**Task description:** The answer must be the full data, restated word for word, with no pictures in it.

**Data excerpts:**
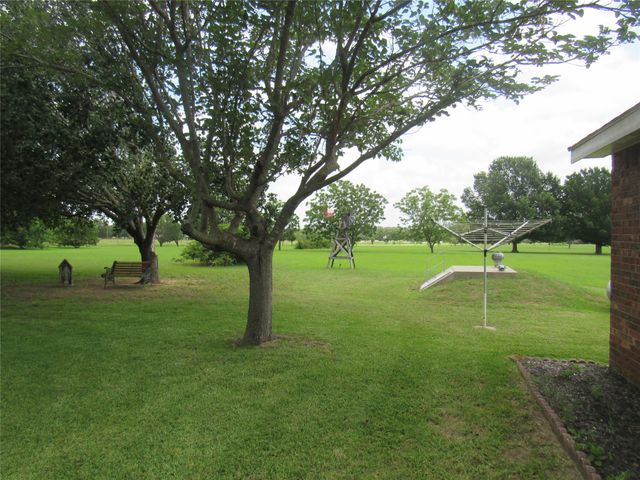 404 County Road 260, Gainesville, TX 76240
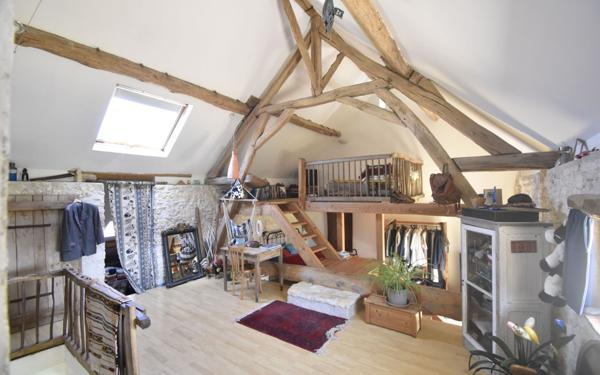 Maison à vendre    5 pièces •  Pougny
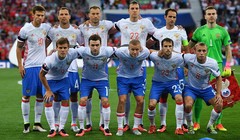 Dân mạng thu thập chữ ký đòi giải thể đội tuyển bóng đá Nga.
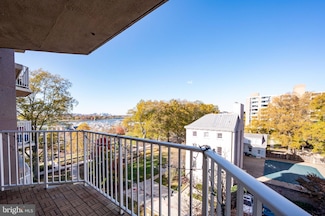 560 N St SW Unit N503, Washington, DC 20024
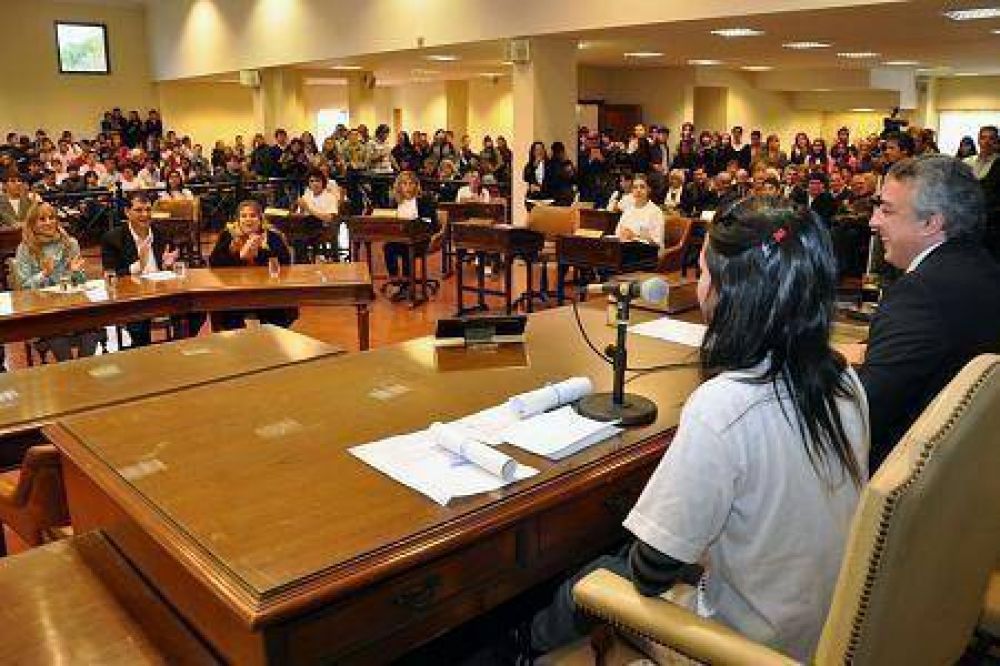 El Parlamento Juvenil de Tigre comenz� con las sesiones 2011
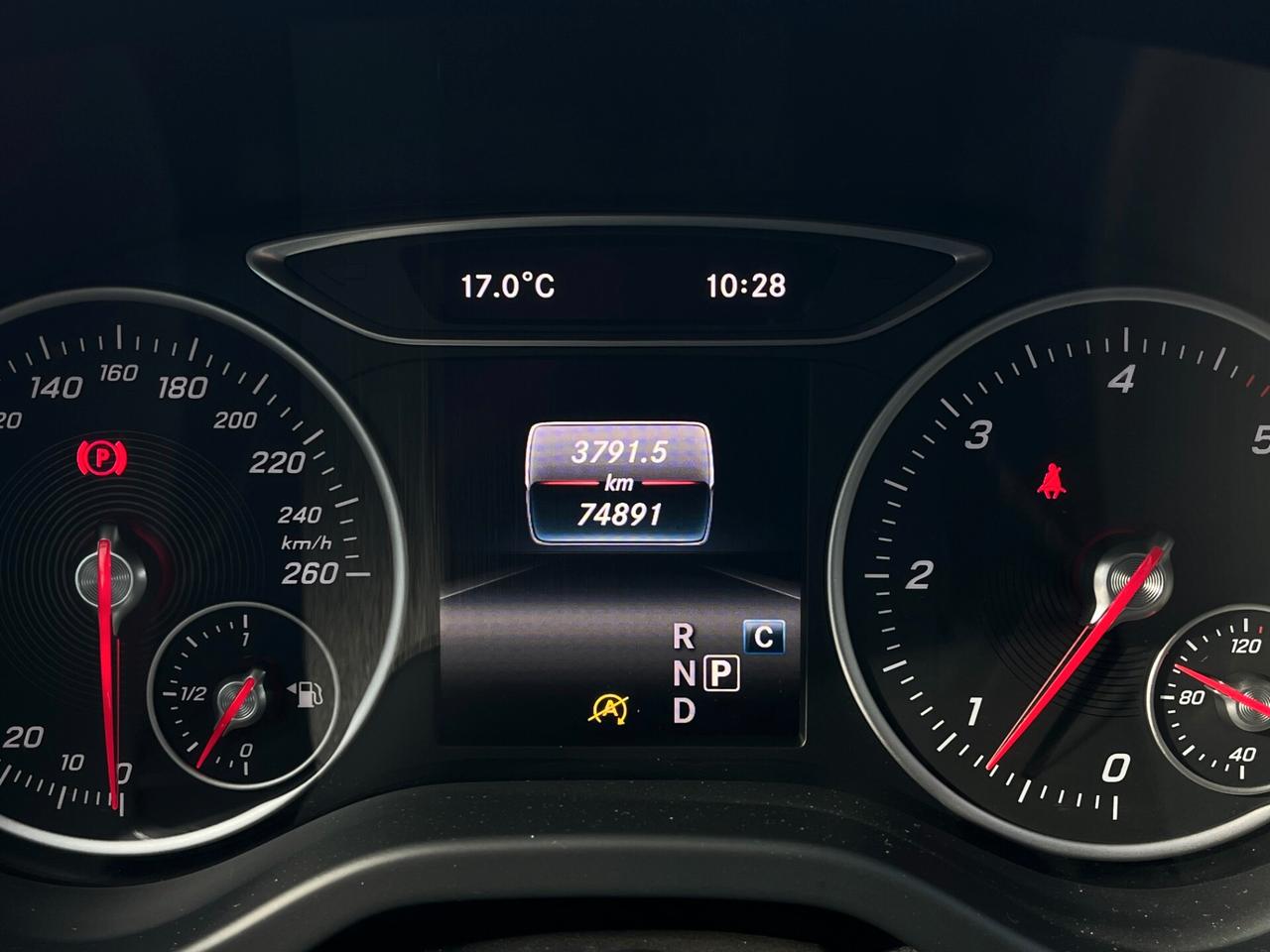 Mercedes-benz GLA 200 d Automatic Business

**Answer to this task:**
 404 County Road 260, Gainesville, TX 76240
 Maison à vendre    5 pièces •  Pougny
 Dân mạng thu thập chữ ký đòi giải thể đội tuyển bóng đá Nga.
 560 N St SW Unit N503, Washington, DC 20024
 El Parlamento Juvenil de Tigre comenz� con las sesiones 2011
 Mercedes-benz GLA 200 d Automatic Business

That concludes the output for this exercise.